> **TASK STATEMENT**: Exact copies of the lines below, from the one with "this 784×588 image." up to and including the one with "this 800×600 image.", are what this calls for; leave out pictures.

> **DATA FOR THE TASK**:
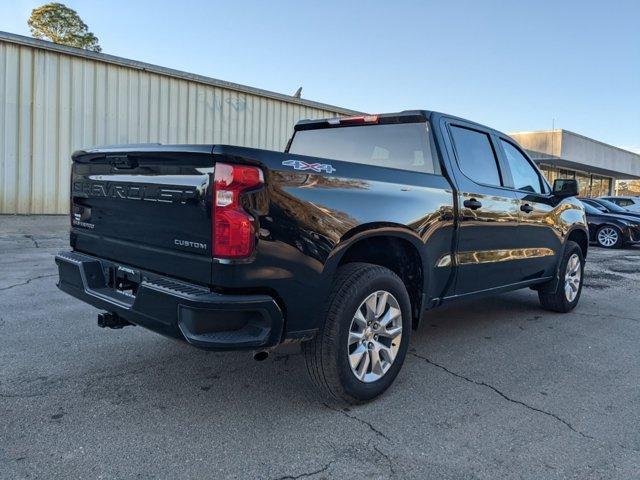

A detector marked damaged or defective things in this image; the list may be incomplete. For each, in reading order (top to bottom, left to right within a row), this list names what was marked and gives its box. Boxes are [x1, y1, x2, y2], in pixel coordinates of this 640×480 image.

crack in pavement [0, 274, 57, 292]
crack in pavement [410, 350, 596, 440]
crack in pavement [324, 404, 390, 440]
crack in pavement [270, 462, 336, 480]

==

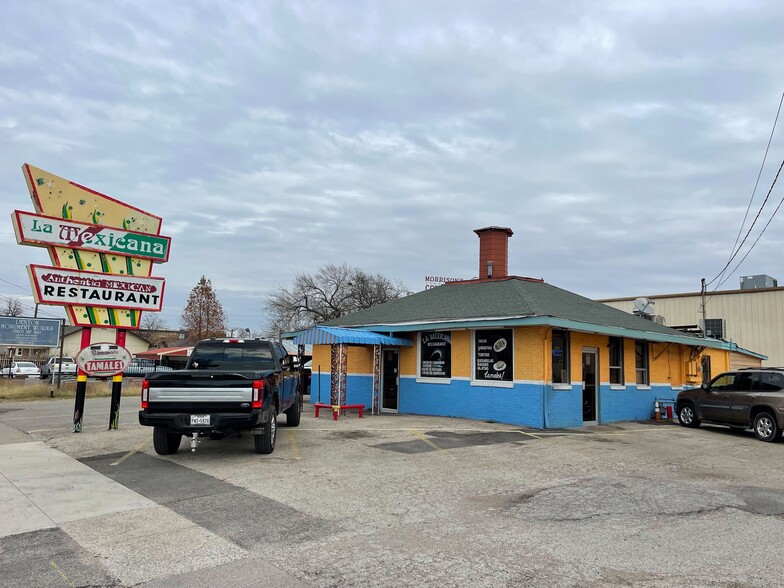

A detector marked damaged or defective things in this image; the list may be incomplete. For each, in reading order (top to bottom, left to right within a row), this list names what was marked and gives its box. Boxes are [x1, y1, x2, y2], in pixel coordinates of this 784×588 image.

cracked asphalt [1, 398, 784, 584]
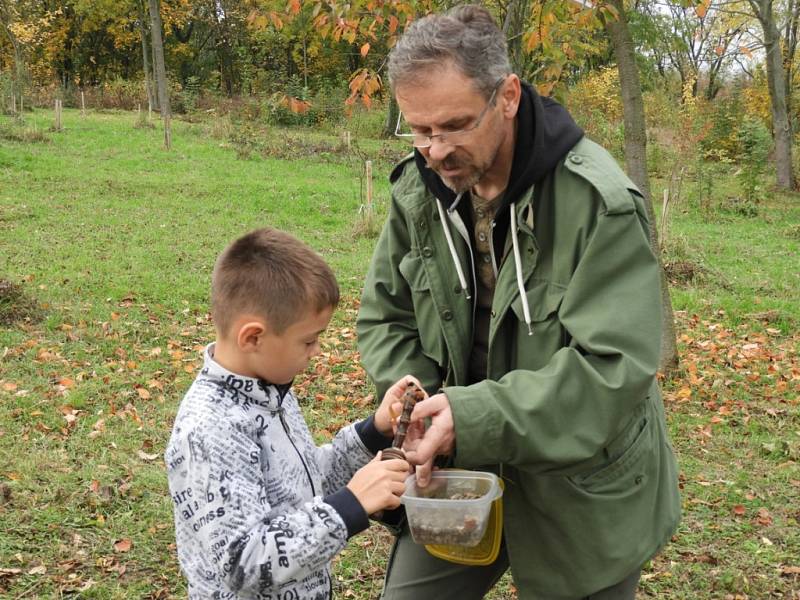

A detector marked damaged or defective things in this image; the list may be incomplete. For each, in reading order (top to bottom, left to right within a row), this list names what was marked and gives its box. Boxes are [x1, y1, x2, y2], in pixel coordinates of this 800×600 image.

* * *

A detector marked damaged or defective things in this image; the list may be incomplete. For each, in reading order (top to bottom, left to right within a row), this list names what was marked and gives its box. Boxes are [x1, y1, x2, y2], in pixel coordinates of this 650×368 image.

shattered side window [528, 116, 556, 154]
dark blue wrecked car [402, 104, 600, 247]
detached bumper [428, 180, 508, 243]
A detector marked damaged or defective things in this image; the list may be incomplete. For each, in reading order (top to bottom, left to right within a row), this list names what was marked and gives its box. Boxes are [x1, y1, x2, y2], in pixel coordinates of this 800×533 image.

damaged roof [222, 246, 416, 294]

> **WRITTEN SOLUTION**:
A detector marked damaged or defective things in this image; the list may be incomplete. For each, in reading order (top to bottom, left to right within a row), this list names what was marked and gives its box. Boxes are [x1, y1, x2, y2], in pixel coordinates of this 784×588 image.

cracked asphalt [1, 398, 784, 584]

A detector marked damaged or defective things in this image; the list may be incomplete. For each, in reading order (top to bottom, left to right within a row), this list names what was marked and gives its box. Boxes are [x1, y1, x2, y2], in pixel coordinates of this 800×600 image.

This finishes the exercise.